I slid the blade between the feathers
and made quick crescent cuts, severing
the arteries just under the jaw. Blood like liquor
pouring out of the bottle. When I see the nub of heart later,
it’s hard to believe such a small star could flare
like that. I lifted each body, bathing it in heated water
until the scaly membrane of the shanks
sloughed off under my thumb.
And after they were tossed in the large plucking drum
I loved the newly naked birds. Sundering
the heads and feet neatly at the joints, a poor
man’s riches for golden stock. Slitting a fissure
reaching into the chamber,
freeing the organs, the spill of intestines, blue-tinged gizzard,
the small purses of lungs, the royal hearts,
easing the floppy liver, carefully, from the green gall bladder,
its bitter bile. And the fascia unfurling
like a transparent fan. When I tug the esophagus
down through the neck, I love the suck and release
as it lets go. Then slicing off the anus with its gray pearl
of shit. Over and over, my hands explore
each cave, learning to see with my fingertips. Like a traveller
in a foreign country, entering church after church.

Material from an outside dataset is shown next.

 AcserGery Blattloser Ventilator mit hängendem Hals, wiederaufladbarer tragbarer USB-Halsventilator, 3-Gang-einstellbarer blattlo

In every one the same figures of the Madonna, Christ on the Cross,
which I’d always thought was gore
until Marie said to her it was tender,
the most tender image, every saint and political prisoner,
every jailed poet and burning monk.
But though I have all the time in the world
to think thoughts like this, I don’t.
I’m empty as I rinse each carcass,
and this is what I love most.
It’s like when the refrigerator turns off and you hear
the silence. As the sun rose higher
we shed our sweatshirts and moved the coolers into the shade,
but, other than that, no time passed.
I didn’t get hungry. I didn’t want to stop.
I was breathing from some bright reserve.

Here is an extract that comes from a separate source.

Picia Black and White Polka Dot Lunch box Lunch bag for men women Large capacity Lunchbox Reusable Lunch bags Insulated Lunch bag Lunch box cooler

We twisted each pullet into plastic, iced and loaded them in the cars.
I loved the truth. Even in just this one thing:
looking straight at the terrible,
one-sided accord we make with the living of this world.

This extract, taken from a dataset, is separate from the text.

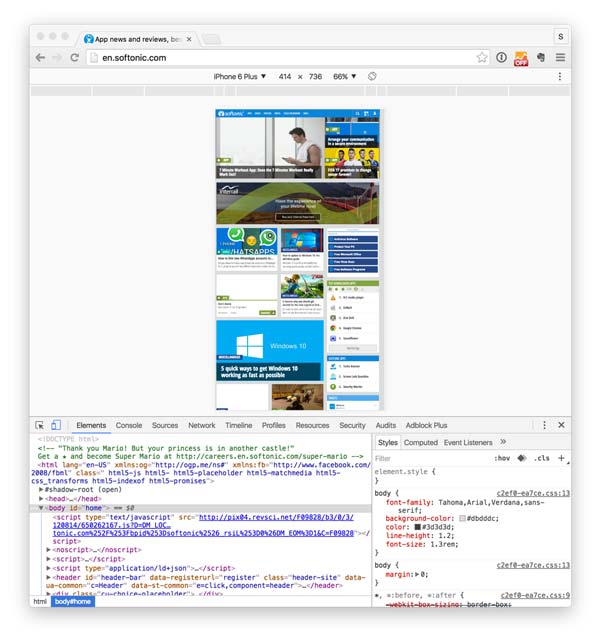 Chrome Developer Tools - Devices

At the end, we scoured the tables, hosed the dried blood,
the stain blossoming through the water.


SARAH VENART writes:
What I love about "What Did I Love" by Ellen Bass is firstly the familiarity of the poem.  I feel so intimately sure she is sharing this poem with only me, you know?  There is no sense of an awareness of an audience bigger than one.  Also, there is nothing forced or trying in the tone.  I get the sense that I'd really like Bass in person because, hey, she's telling me her deep enjoyment in killing an animal.  And because I grew up on a farm myself, I get that satisfaction in the cull, in the actions of the cull, and then what you do with the body to make it food.  I also feel like Bass is taking me by the arm and saying, "Slow your roll, lady.  Look here.  This is life becoming more than life."  It's that noninvasive insistence Bass does: she is saying, like, appreciate this animal becoming --through this practical everyday practice-- meat or nourishment or an enriched self or whatever.  And Bass isn't getting high and mighty, which I appreciate.  It's such a simple poem: each step in the killing held in place by its image.  I love it.  That's it.